With WELL, attracting and retaining tenants through increasing their health and productivity is key. I believe this is the second phase of sustainability
Giant green wall as heart and lungs of the building
In Swing House, the biggest wow effect is provided by the massive green wall adjoining the central staircase. In addition to air-purifying plants, the wall will grow an array of fresh herbs for the restaurant to use. The individually designed soundscape for each floor reduces stress and motivates tenants to favor stairs. Circadian lighting – going from a bright white in the morning towards a mellow yellow in the afternoons – keeps you going in the long and dark Nordic winter. A dedicated separate cycle ramp entrance provides safe access and premium shower facilities cater to cyclists, emphasizing the focus on sustainable transport options for the building.

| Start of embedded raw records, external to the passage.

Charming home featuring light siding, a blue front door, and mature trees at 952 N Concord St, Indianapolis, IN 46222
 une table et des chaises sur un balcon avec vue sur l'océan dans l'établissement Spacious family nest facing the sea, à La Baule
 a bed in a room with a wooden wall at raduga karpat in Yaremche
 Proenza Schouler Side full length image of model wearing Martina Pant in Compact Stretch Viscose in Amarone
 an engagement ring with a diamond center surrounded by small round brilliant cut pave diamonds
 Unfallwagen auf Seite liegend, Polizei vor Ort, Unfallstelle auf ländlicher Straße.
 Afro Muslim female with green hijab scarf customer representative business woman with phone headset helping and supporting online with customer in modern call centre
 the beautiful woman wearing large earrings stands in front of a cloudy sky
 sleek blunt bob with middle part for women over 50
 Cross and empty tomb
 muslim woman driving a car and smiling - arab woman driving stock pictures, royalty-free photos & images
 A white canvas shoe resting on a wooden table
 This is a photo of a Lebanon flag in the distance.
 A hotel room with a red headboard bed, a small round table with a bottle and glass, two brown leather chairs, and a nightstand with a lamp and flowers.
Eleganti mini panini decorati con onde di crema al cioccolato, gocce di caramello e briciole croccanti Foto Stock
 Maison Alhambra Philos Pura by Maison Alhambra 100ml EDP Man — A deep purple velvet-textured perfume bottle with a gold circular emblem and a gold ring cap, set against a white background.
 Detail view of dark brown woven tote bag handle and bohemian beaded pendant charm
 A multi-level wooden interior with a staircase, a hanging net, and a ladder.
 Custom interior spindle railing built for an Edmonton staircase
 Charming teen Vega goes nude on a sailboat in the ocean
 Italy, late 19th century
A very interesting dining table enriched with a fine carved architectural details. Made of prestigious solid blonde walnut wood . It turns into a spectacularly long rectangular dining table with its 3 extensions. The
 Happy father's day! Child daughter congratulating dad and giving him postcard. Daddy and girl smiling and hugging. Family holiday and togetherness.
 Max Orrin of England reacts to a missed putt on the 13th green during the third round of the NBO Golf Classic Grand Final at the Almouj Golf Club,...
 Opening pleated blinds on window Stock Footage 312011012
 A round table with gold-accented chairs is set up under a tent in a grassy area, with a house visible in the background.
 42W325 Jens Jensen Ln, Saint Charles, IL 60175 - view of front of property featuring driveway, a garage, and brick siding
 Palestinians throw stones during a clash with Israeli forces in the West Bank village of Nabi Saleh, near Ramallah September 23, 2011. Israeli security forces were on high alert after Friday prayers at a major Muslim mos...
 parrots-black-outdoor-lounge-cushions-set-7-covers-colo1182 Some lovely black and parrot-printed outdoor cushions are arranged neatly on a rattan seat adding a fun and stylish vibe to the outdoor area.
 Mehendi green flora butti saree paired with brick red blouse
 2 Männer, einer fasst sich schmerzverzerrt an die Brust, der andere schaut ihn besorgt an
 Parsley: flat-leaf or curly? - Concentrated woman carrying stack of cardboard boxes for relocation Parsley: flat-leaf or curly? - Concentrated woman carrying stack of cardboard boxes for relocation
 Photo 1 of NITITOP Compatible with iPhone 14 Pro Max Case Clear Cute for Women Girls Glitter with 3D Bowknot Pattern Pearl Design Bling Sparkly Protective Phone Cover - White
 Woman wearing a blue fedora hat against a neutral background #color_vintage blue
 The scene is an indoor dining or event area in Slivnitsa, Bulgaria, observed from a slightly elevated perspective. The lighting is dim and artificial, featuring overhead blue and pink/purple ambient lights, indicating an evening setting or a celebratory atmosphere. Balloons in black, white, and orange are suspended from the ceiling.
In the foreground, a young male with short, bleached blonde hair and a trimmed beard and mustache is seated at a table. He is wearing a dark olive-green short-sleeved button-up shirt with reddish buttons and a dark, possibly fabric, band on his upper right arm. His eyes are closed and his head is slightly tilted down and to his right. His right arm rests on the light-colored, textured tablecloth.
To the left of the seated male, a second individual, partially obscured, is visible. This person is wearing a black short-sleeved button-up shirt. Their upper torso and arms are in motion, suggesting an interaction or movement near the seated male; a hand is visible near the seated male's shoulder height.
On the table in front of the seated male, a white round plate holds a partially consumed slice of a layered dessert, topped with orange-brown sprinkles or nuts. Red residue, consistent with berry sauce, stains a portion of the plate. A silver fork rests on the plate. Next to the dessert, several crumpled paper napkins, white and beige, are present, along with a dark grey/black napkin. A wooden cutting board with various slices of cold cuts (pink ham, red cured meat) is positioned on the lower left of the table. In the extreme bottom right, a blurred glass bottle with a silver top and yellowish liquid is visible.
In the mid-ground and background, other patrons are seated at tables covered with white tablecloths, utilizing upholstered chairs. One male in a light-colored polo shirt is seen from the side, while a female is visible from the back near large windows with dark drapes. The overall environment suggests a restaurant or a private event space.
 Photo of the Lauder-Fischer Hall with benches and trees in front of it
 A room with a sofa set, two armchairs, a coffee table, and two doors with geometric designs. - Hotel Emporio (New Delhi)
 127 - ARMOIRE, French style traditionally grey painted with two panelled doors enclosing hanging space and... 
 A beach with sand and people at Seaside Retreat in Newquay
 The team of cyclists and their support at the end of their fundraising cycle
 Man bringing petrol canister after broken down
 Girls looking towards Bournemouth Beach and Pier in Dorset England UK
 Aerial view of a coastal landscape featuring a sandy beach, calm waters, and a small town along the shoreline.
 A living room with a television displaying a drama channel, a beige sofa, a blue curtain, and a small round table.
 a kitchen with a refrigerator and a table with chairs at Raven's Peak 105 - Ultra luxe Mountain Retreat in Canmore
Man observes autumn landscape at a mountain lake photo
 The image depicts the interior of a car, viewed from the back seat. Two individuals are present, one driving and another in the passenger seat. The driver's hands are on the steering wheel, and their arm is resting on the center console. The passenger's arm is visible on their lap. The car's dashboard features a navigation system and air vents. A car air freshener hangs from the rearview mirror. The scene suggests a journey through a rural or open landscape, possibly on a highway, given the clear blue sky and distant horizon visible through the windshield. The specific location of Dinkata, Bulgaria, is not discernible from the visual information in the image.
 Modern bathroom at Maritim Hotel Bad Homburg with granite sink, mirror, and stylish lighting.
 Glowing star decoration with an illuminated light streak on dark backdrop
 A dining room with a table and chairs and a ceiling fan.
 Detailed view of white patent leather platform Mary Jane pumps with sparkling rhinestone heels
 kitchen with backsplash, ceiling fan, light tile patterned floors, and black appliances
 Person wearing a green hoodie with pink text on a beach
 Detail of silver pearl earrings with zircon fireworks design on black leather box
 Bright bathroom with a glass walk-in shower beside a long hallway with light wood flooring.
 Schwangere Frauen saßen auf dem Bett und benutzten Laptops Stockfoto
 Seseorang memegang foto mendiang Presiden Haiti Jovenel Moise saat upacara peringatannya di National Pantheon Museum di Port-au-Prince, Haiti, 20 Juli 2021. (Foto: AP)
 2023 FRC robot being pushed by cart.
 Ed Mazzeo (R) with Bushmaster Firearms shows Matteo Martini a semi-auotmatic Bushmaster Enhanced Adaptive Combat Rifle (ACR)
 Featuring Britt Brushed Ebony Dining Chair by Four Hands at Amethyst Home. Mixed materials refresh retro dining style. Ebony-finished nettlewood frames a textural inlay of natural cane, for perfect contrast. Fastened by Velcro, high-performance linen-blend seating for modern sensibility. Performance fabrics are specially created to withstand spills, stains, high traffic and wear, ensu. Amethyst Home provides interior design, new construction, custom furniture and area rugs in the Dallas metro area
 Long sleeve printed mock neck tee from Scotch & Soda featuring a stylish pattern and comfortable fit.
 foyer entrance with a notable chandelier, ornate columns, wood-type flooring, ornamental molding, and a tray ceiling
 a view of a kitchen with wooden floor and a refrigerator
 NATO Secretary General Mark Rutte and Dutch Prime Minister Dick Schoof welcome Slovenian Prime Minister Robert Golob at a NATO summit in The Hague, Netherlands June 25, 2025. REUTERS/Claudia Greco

“At Swing House, WELL has been considered right from the beginning, which made it possible to include some of the more aspirational elements, like bringing nature into the building, in addition to the basic things that affect people in indoor spaces: air quality, lighting and thermal comfort. Keeping connected to nature and adjusting the light to give you energy are great examples of building solutions that improve well-being”, McGrath says.
WELL is the way of the future
The shift from WELL v1 to v2 in 2018 has made the scoring system more flexible, encouraging more building owners to seek the certification. The mandatory preconditions have been reduced from around 40 to 20, and the optimizations have increased from around 60 to 90.
“In Europe there was a significant increase when the second version, WELL v2, was launched in 2018; we went from 270 projects to 1,600 in six months. WELL is definitely a growing trend”, McGrath says.
In a decade, WELL might be as big as LEED and BREEAM. Already it offers building owners and tenants a competitive edge.
“From the owner’s point of view, WELL is a great way to show you have a good building that has been designed for holistic well-being, including optimal indoor environmental quality and sustainable transport. But the biggest payoff is for the tenants: they get a work environment that improves health, wellbeing and productivity and helps them succeed in their ventures.”